Panasonic HZ2000 Design – Simple and straightforward like last year’s TV
Look at the HZ2000 and then turn to last year’s GZ2000 and you’d be hard-pressed to tell the difference. That’s not necessarily a bad thing, as the design still looks great today with its slim bezel and there’s a three-channel soundbar underneath the screen.
As you can see from the cutaway image below, the soundbar is made up of a centre speaker, left and right speakers (mid-range, tweeter, double woofer and passive radiator), plus you get two upwards firing speakers for Dolby Atmos. You can also connect a wired subwoofer if you want to improve the bass response from this TV without having to buy a completely separate sound system.
So far, all of these features are things that existed on last year’s TV, but inside the TV is where the magic has been worked with a few new ways of handling things, with this TV promising to deliver the best 4K image quality on both models: 55-inch and 65-inch.
Both the Google Assistant and Amazon Alexa are supported, letting you use a voice assistant to control the TV.

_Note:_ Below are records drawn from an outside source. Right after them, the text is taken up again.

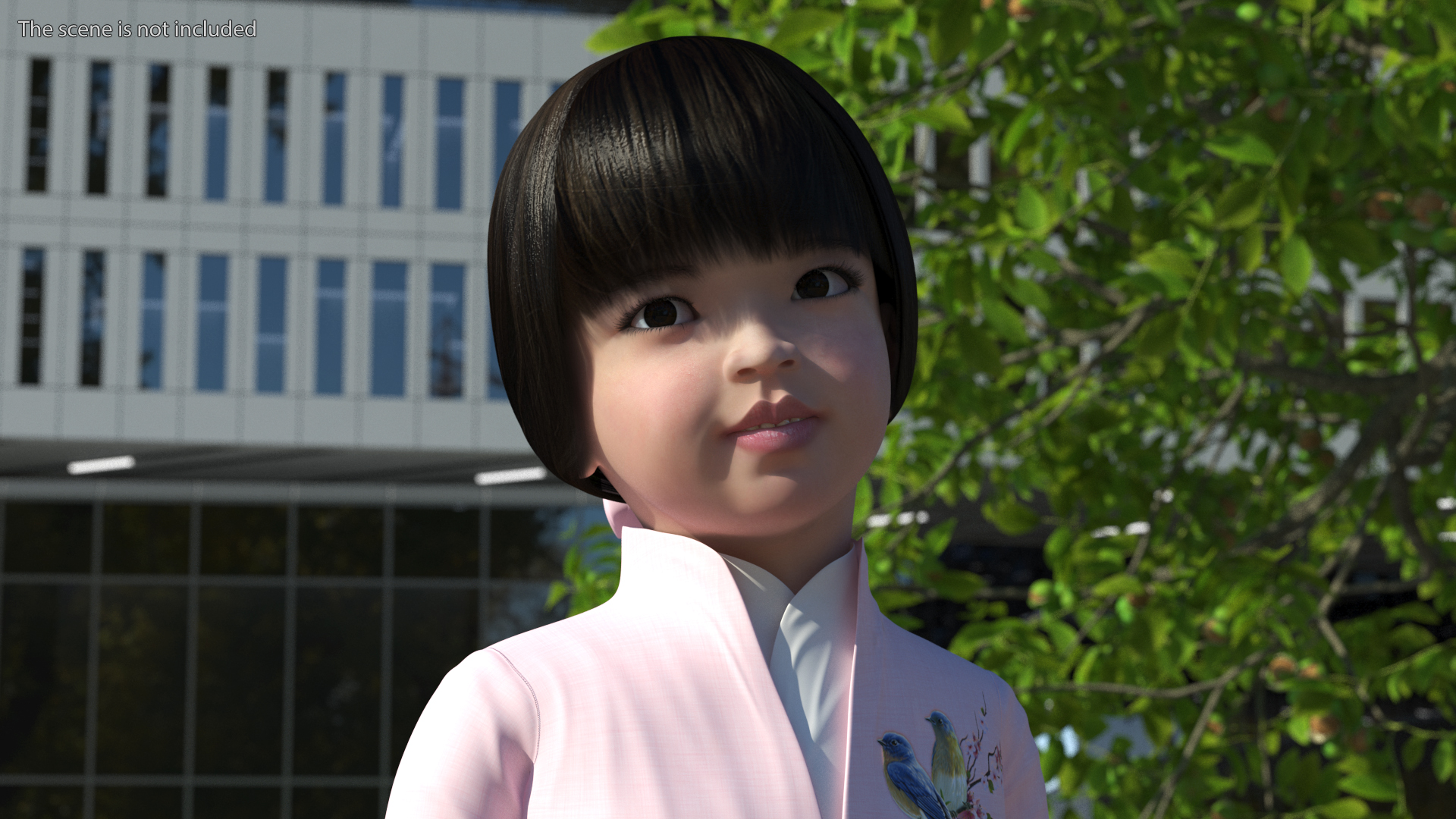 3D Child Girl from Asia in National Costume Rigged for Modo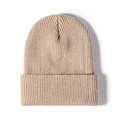 Classic khaki ribbed knit beanie with a wide folded cuff for winter warmth and style - One Size / Beige Khaki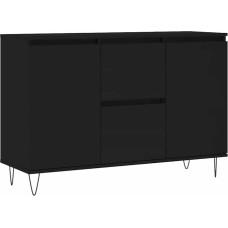 vidaXL šoninė spinta, komoda su daugybe stalčių, aukšto lygio svetainės spinta su geležinėmis kojomis, spinta, šoninė spinta, juoda medžio medžiaga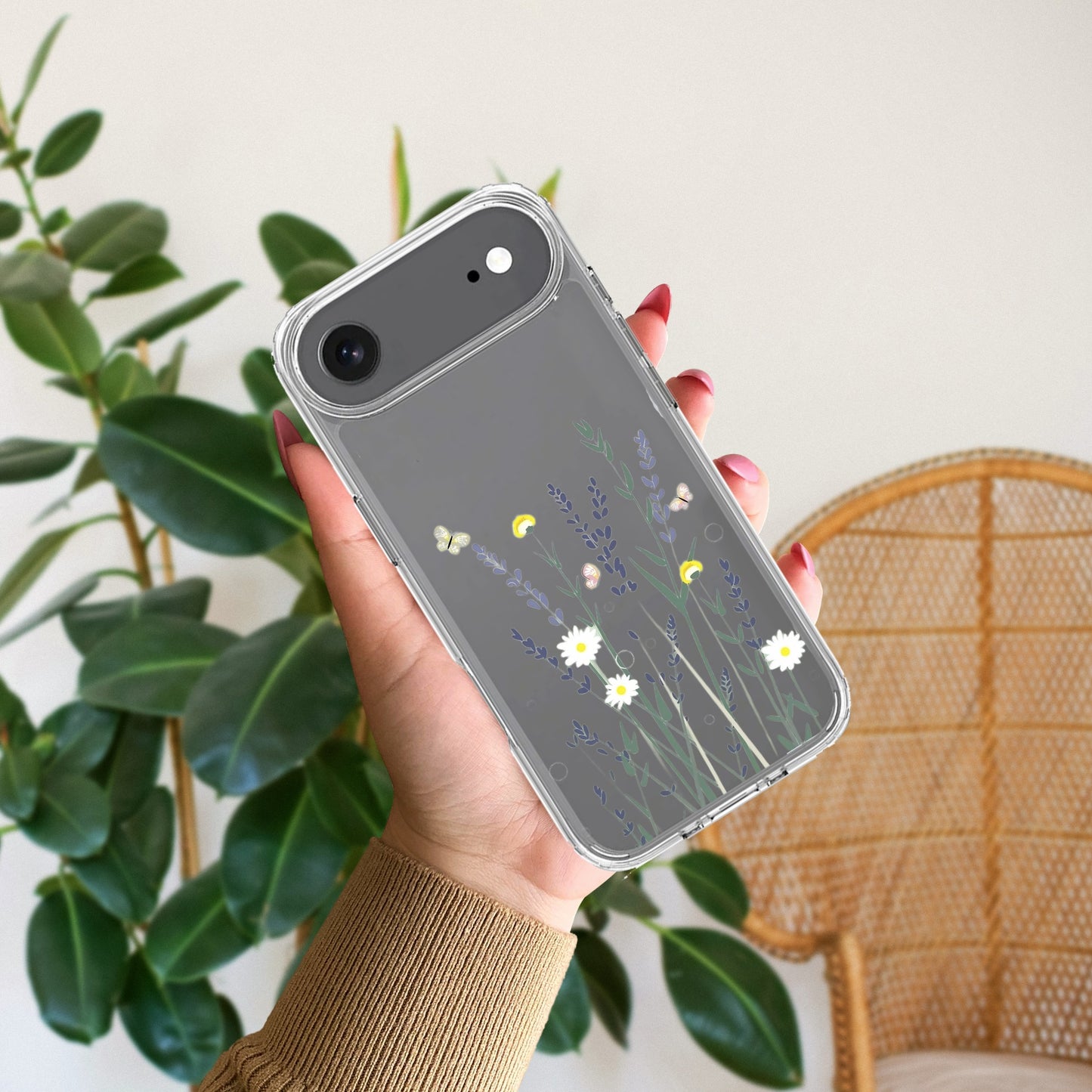 Floral Bush Transparent Silicon Case For iPhone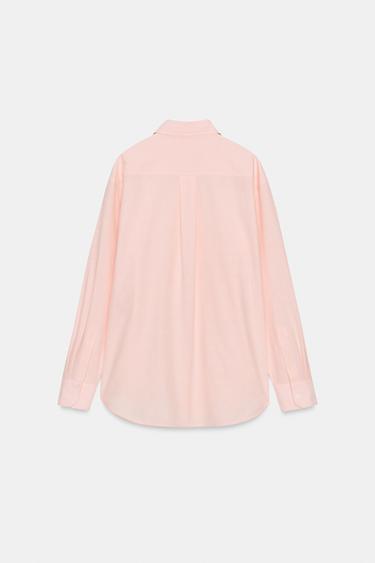 STRIPED SHIRT WITH DETACHABLE COLLAR ZW COLLECTION - Pink / White by Zara - Image 5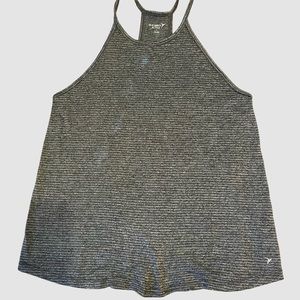 Old Navy active razor back gray striped tank womens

Panasonic HZ2000 Picture Quality – Excellent brightness and Intelligent Sensing keep detail in all conditions
As with last year’s model, the HZ2000 doesn’t just have a regular OLED panel, but a custom-made Master HDR Professional Edition panel. The main difference is that this panel is capable of reaching a maximum brightness that’s 20% higher than rival OLED models. According to Panasonic, the main issue with upping brightness on OLED is the heat that’s generated, so the HZ2000 uses a new material to make heat dissipation more efficient.
The key thing about OLED is that as maximum brightness increases, blacks stay the same, so the dynamic range in the picture stays the same. In a demo that I saw the HZ2000 vs a rival TV, and the extra brightness is noticeable, not just through pure brightness but also with a fraction more detail in images. It’s a comparatively subtle but important difference for those that want to get every last drop of detail out of their footage. Panasonic has said that the set can reach 1000nits with a 30-40% window.
Panasonic has added Dolby Vision IQ into the mix this year. For Dolby Vision content, IQ uses the light sensor on the TV to measure the ambient light in the room, which it then uses to adjust the brightness and gamma of the TV. The aim of the technology is to maintain the same image quality under all light sources by smart adjustments rather than simply upping the brightness.
Comparing the HZ2000 to the older GZ2000 in a darkened room, it has to be said that there’s not much difference between the two models when the lights are off. Turn the lights on, and the GZ2000 suddenly looks very dark and it’s hard to see what’s going on; the HZ2000, in comparison, took a few seconds to adjust the image, but the result was impressive with the image visually looking the same as when the lights were off. This should mean that your TV can adjust to your room, which is great for when you want to watch something but you’re not in the mood to dim your lights to cinema levels.
Panasonic has also added Filmmaker Mode to the HZ2000, which disables some features, including motion processing and image sharpening while maintaining colours, aspect ratio and frame rates. The mode is also designed to lower the brightness of a TV, which works well in a darkened room but makes it hard to see what’s going on in a well-lit room.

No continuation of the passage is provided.